Mahkeme ilamında belirtildiği şekilde, isteğin reddine karar vermiştir.
Hükmün davacılar vekili tarafından temyiz edilmesi üzerine temyiz isteğinin süresinde olduğu anlaşıldıktan ve Tetkik Hakimi tarafından düzenlenen raporla dosyadaki kağıtlar okunduktan sonra işin gereği düşünüldü ve aşağıdaki karar tesbit edildi.
Dava 26.10.1994 tarihinde ölen sigortalının ölüm aylığı bağlanan hak sahibi eş ve çocuklarının gelirden çıkması nedeniyle anne ve babanın ölüm aylığı talebini reddeden kurum işleminin iptali ile kuruma başvuru tarihinden geçerli olmak üzere sigortalının anne ve babası olan davacılara ölüm aylığı bağlanması gerektiğinin tespiti istemine ilişkindir.
Mahkemece sigortalının ölümü tarihinde eş ve çocuklara bağlanan aylıkların toplamı sigortalının gelirinden aşağı olmadığından anne ve babanın aylık bağlama hakkının düştüğü, sonradan eş ve çocukların aylıklarının kesilerek bunlara bağlanabilecek aylıkların toplamı sigortalının aylığının altında kalsa bile düşen bir hakkın sonradan canlandırılmasının söz konusu olamayacağından bahisle davanın reddine karar verilmiş ve bu karar süresinde davacılar tarafından temyiz edilmiştir.
Davacıların ölen sigortalının anne ve babası oldukları, herhangi bir sosyal güvenlik kuruluşuna tabi çalışmalarının bulunmadığı, 2022 sayılı Kanuna göre bağlanan aylık hariç olmak üzere buralardan her ne ad altında olursa olsun gelir veya aylık almadıkları uyuşmazlık konusu değildir.

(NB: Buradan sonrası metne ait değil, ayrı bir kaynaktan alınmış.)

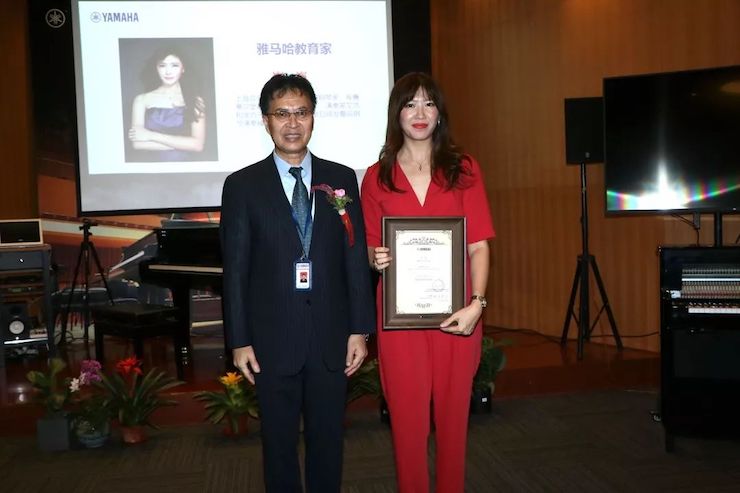 人生就是博携手中国多位教育家，共同谱写中国艺术教育发展新乐章|热烈祝贺2018人生就是博教育家授聘仪式成功举办！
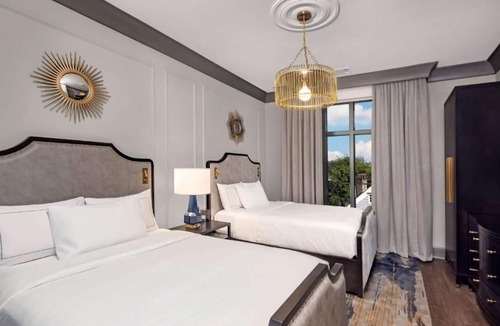 Ansonborough Hotel | Downtown Getaway w/Kitchenette l Near to South Carolina Aquarium - 0.3 mi Away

Uyuşmazlık 506 sayılı yasanın 69.maddesindeki gelir bağlama düzeninin yorumundan kaynaklanmaktadır. Davacılar şartlar oluştuğu takdirde sonradan da aylık bağlanabileceğini, davalı kurum ise ölüm tarihinde oluşmadığından hakkın düşeceğinin ve düşen hakkın bir daha canlandırılamayacağını ileri sürmüş ve yerel mahkemede bu görüşü katılmıştır.
506 sayılı yasanın 69.maddesinde herhangi bir sosyal güvenlik kuruluşuna tabi çalışmaları bulunmayan ve 2022 sayılı Kanuna göre bağlanan aylık hariç olmak üzere buralardan her ne ad altında olursa olsun gelir veya aylık almayan anne ve babaya ölüm aylığı bağlanması için iki kural getirmiştir.

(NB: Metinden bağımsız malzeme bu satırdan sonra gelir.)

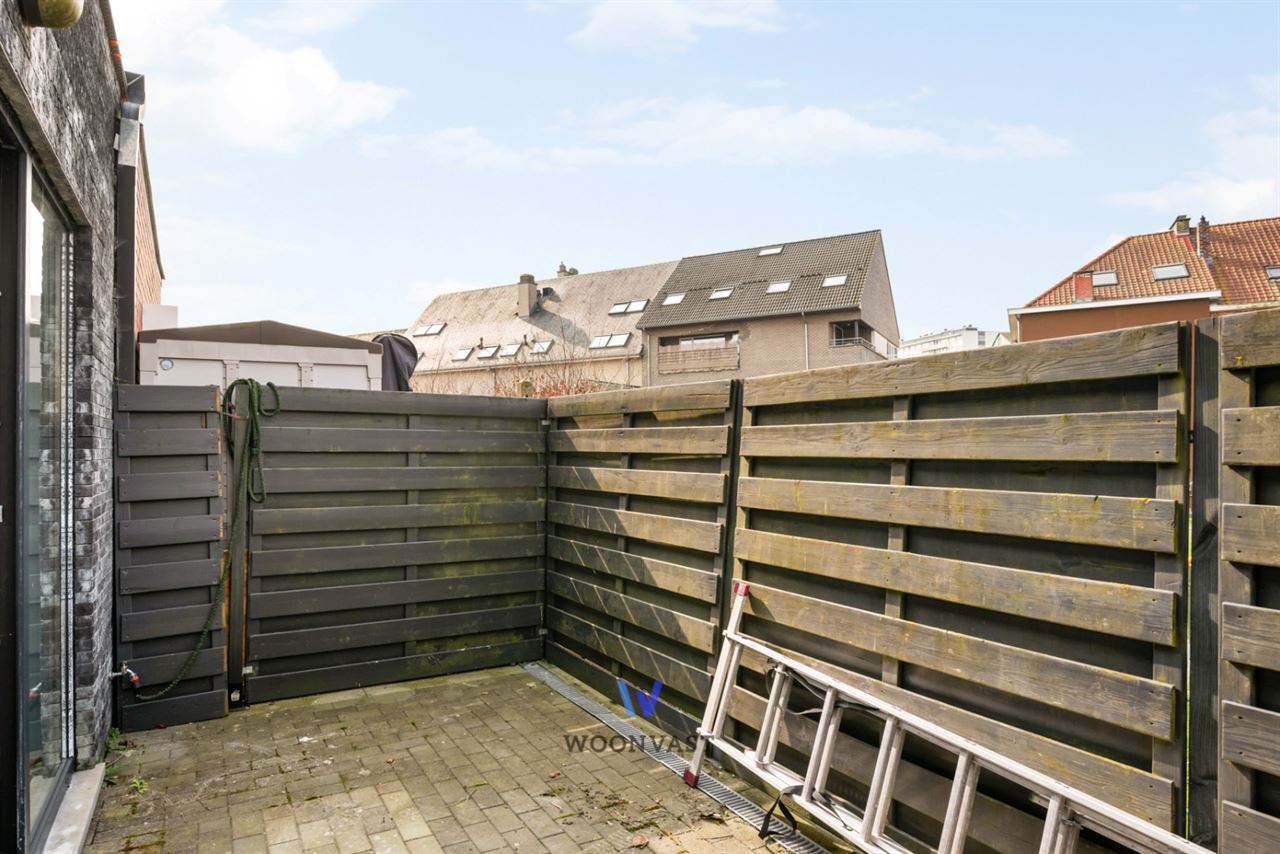 Energiezuinig en lichtrijk duplex-appartement in hartje Zellik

Birinci kural; yasanın 69/1.maddesinde düzenlenmiş olup; Sigortalının ölümü tarihinde eşine ve çocuklarına bağlanması gereken aylıkların toplamının, sigortalıya ait
aylıktan aşağı olması halinde artan kesimin sigortalıya ait aylığın %25"ini geçmemek kaydıyla anne ve babaya verilebileceğine ilişkin olup, birinci kuralda sigortalının ölüm tarihindeki aylığının ölüm aylığının bağlanmasında esas alınacağı ve bu aylıktan anne ve babanın hangi hallerde yararlanacağı belirlenmiştir.

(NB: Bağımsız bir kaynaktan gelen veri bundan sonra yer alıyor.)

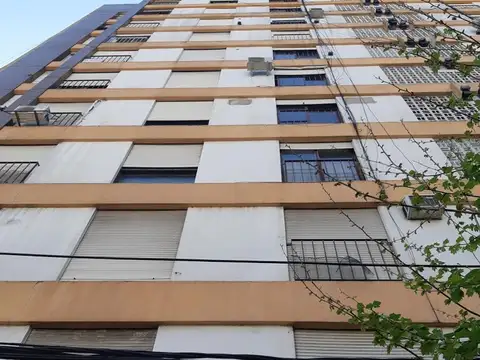 Departamento en Alquiler 1 ambiente frente APTO CREDITO BANC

İkinci kural ise, anılan yasanın 69/2 maddesinde düzenlenmiş olup “Sigortalının ölümü ile eşine ve çocuklarına bağlanabilecek aylıkların toplamı, sigortalıya ait aylıktan aşağı değilse ana ve babanın aylık bağlanma hakları düşeceğine ilişkindir. İkinci kuralda daha geniş bir uygulama alanı, geleceğe yönelik düzenleme yapılmıştır. Madde içindeki “bağlanabilecek” sözcüğü ilk fıkradaki “bağlanması gereken” sözcüğünden farklı kapsamda olup geçen zaman içerisinde her türlü durum içinde anlamında kullanıldığı kabul edilmelidir. Yasa koyucu ikinci fıkra ile tüm değişik durumları amaçlamış ve eş ve çocuklara bağlanabilecek aylıkların çeşitli değişiklikler içerisindeki toplamlarının sigortalıya ait aylıktan aşağı olmaması durumunda anne ve baba bakımından anılan durum itibariyle aylık bağlama hakkının düşeceği hükme bağlanmıştır.
Bu itibarla davacıların aylık talebinde bulundukları 15.09.2006 tarihinde ölüm aylığına hak kazandıkları ortaya çıkmaktadır. Ölüm tarihinde ortaya çıkmayan bir hakkın o tarih itibarıyla düşmesi söz konusu olamaz. Diğer bir deyişle davacıların ölüm aylığı hakkının talep tarihinde ortaya çıktığının kabulü gerekir. Madde metninde geçen hakkın düşmesi hükmünün hak sahiplerinin gelirden çıkmaları ve girmeleri ile değişin pay oranları için ayrı düşünülmesi gerekir. Yasada aksine bir hüküm bulunmadığı gibi 5510 sayılı yasanın 34-35 maddelerindeki düzenleme de bu doğrultudadır.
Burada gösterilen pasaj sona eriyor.